Dataset START
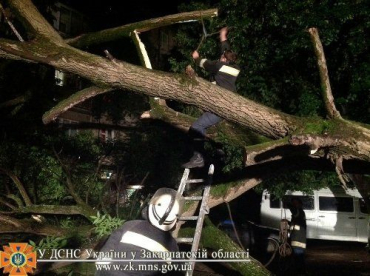 Из-под дерева машину в Ужгороде освобождали спасатели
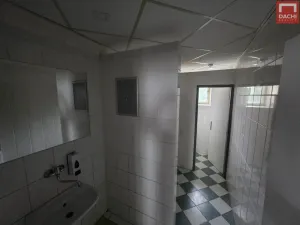 Pronájem obchodního prostoru, Holešov, Masarykova, 253 m2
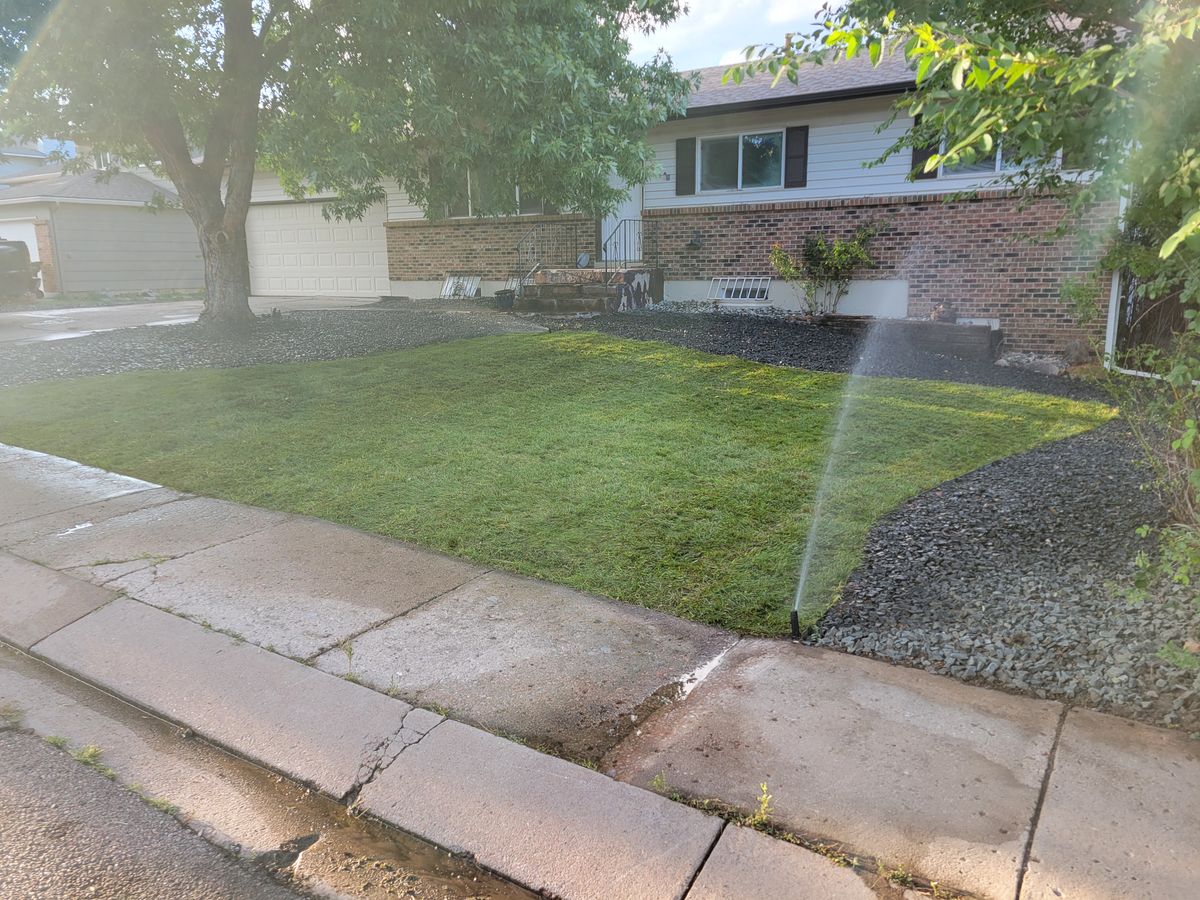 Sod Installation for JS Landscaping Colorado in Denver, CO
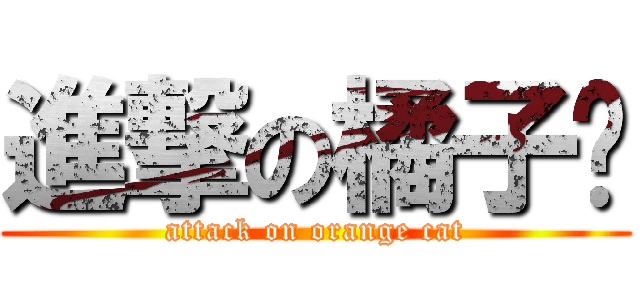 進撃の橘子貓 (attack on orange cat)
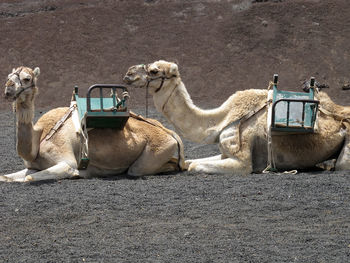 Two camels sat in desert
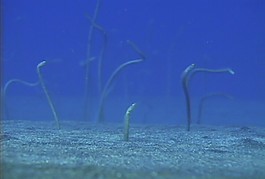 海底生物素材下載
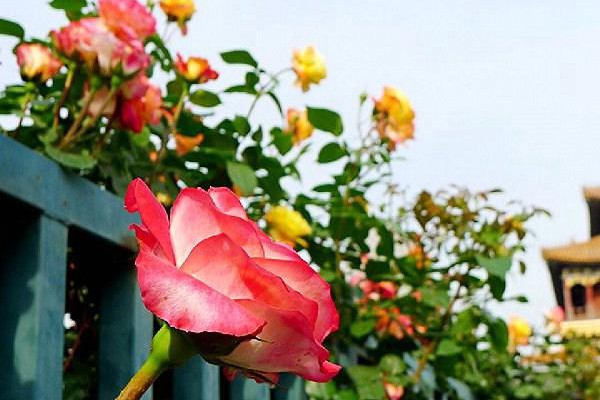 花墻、院門、籬笆……怎么能少得了藤本月季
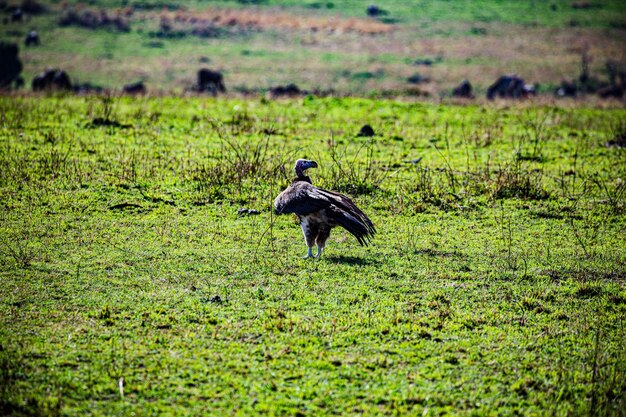 Vulture Wildlife Animals Mammals Savanna Grassland Maasai Mara National Game Reserve Park Narok Coun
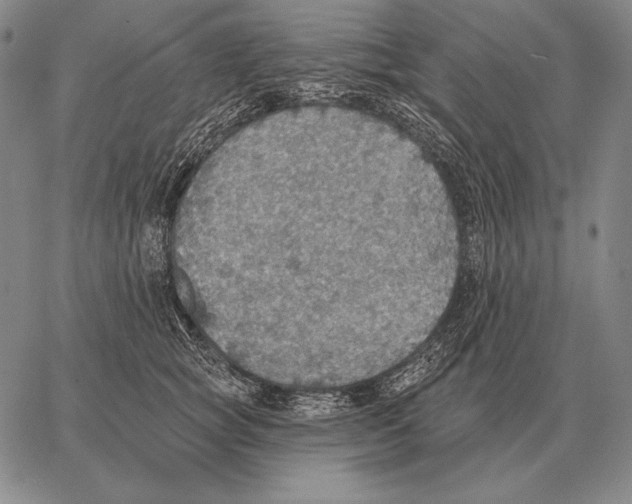 X0000066950757200604211815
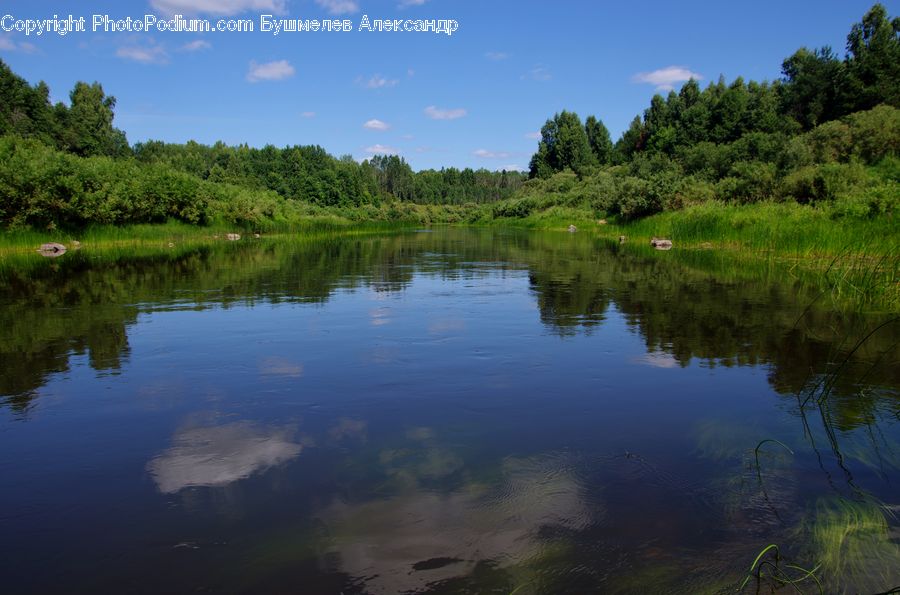 Algae, Outdoors, Pond, Water, Field, Grass, Grassland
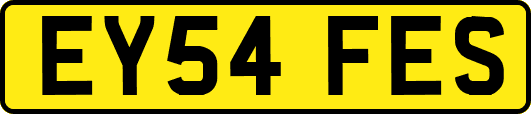 EY54FES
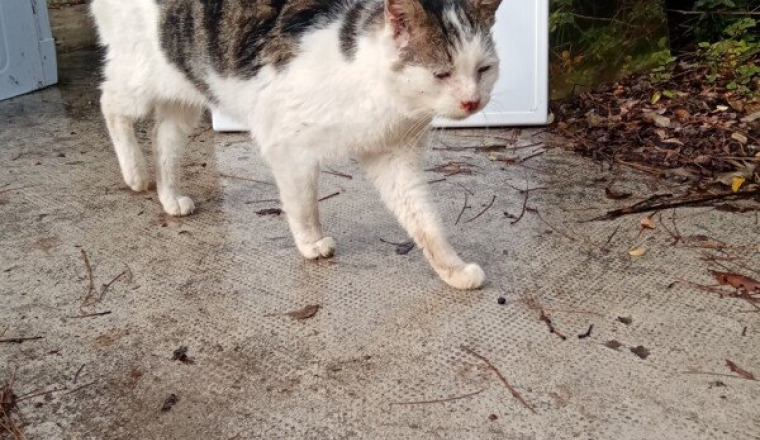Frais vétérinaire chat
Dataset END
__Problem to solve__: Transcribe all of the records above exactly; no image should appear in what you write.

__Response to this task__:
 Из-под дерева машину в Ужгороде освобождали спасатели
 Pronájem obchodního prostoru, Holešov, Masarykova, 253 m2
 Sod Installation for JS Landscaping Colorado in Denver, CO
 進撃の橘子貓 (attack on orange cat)
 Two camels sat in desert
 海底生物素材下載
 花墻、院門、籬笆……怎么能少得了藤本月季
 Vulture Wildlife Animals Mammals Savanna Grassland Maasai Mara National Game Reserve Park Narok Coun
 X0000066950757200604211815
 Algae, Outdoors, Pond, Water, Field, Grass, Grassland
 EY54FES
Frais vétérinaire chat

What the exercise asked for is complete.